# RECORDS FOR THE EXERCISE

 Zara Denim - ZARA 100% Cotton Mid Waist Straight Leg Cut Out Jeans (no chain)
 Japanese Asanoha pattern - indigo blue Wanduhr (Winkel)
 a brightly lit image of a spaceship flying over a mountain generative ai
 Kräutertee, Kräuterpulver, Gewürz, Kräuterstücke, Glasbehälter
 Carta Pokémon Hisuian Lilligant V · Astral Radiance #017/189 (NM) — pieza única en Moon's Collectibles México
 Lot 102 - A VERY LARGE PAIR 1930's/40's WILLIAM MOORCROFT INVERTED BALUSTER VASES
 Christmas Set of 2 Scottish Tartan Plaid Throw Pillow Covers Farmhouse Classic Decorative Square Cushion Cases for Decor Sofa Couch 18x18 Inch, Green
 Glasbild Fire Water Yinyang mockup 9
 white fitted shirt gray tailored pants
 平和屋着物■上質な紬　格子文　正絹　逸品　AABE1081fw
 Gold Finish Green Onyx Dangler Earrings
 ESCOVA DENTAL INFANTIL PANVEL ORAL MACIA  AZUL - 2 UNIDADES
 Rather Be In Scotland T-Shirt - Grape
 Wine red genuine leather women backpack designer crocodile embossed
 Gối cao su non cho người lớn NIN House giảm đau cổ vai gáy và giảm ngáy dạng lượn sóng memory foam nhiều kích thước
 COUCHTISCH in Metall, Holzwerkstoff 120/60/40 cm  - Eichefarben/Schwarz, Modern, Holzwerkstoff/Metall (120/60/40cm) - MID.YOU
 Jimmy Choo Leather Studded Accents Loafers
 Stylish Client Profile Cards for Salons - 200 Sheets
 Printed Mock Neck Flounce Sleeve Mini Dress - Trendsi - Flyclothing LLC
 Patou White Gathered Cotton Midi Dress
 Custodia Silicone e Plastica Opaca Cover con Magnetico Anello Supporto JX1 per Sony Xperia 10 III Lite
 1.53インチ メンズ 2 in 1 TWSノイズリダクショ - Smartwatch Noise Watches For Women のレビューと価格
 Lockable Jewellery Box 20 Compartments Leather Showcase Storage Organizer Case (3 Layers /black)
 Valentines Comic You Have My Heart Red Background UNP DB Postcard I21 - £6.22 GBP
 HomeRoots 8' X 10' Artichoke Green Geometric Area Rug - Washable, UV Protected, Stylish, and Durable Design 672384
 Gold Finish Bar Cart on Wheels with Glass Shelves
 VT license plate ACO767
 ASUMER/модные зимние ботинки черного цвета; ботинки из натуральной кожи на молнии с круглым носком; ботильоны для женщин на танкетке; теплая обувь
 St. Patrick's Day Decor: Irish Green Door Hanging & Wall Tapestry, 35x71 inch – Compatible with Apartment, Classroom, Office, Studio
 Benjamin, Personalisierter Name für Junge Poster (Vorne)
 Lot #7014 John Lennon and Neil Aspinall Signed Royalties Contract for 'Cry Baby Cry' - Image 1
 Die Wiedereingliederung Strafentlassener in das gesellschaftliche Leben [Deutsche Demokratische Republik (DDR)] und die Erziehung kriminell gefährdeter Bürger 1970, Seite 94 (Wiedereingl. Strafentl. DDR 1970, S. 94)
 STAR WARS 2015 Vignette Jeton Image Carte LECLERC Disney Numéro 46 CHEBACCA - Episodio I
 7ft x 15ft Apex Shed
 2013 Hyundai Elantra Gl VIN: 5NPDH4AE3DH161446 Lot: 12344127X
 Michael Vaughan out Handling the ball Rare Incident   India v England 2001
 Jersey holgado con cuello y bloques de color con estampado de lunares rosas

# TO DO
Scan the material for "Cotton" and copy the lines that hold it.

# OUTPUT
 Zara Denim - ZARA 100% Cotton Mid Waist Straight Leg Cut Out Jeans (no chain)
 Patou White Gathered Cotton Midi Dress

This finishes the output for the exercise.